(Rome) Il a survécu à la pornographie accessible à tous sur l’internet, mais résistera-t-il à la COVID ? Le dernier cinéma porno de Rome, l’Ambasciatori, continue contre vents et marées à projeter ses films « sexy » des années 80, pour le plus grand plaisir de ses clients.

À deux pas du ministère des Finances, dans un quartier résidentiel proche de la gare centrale, « Les Ambassadeurs » se repère par une banale enseigne « Ciné » sur la façade d’un immeuble cossu du début 20e siècle.

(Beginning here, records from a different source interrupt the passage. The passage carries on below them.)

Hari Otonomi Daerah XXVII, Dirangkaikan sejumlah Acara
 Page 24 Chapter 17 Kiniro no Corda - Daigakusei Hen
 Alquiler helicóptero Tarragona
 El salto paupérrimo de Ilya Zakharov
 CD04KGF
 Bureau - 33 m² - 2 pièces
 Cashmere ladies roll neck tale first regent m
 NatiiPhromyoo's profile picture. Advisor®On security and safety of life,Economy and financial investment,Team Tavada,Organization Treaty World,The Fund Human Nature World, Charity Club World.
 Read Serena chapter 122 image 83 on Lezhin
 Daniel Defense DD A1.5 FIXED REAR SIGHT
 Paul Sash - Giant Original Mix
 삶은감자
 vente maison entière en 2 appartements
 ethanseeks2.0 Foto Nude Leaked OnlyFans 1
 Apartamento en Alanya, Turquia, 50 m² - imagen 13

À l’entrée, un bandeau rouge tomate annonce la couleur : « Sexy movie, réservé aux adultes », avec une sélection des « productions cultes », et les « meilleures stars de l’histoire du cinéma hard ».

« Delirium carnale »

Ce soir-là, on joue Palestra per signora (Gymnase pour dames) et Delirium carnale (Déliriums charnels), films vintage aux acteurs à la coupe mulet et aux chemises à col deltaplane, parfaitement accordés aux ébouriffants brushings à la Dallas de ces dames en porte-jarretelles.

Masque chirurgical sur le nez, une dizaine d’amateurs — uniquement des hommes — ont pris place dans la magnifique salle de marbre noir, éparpillés ça et là dans la pénombre au hasard des travées de fauteuils de velours rouge.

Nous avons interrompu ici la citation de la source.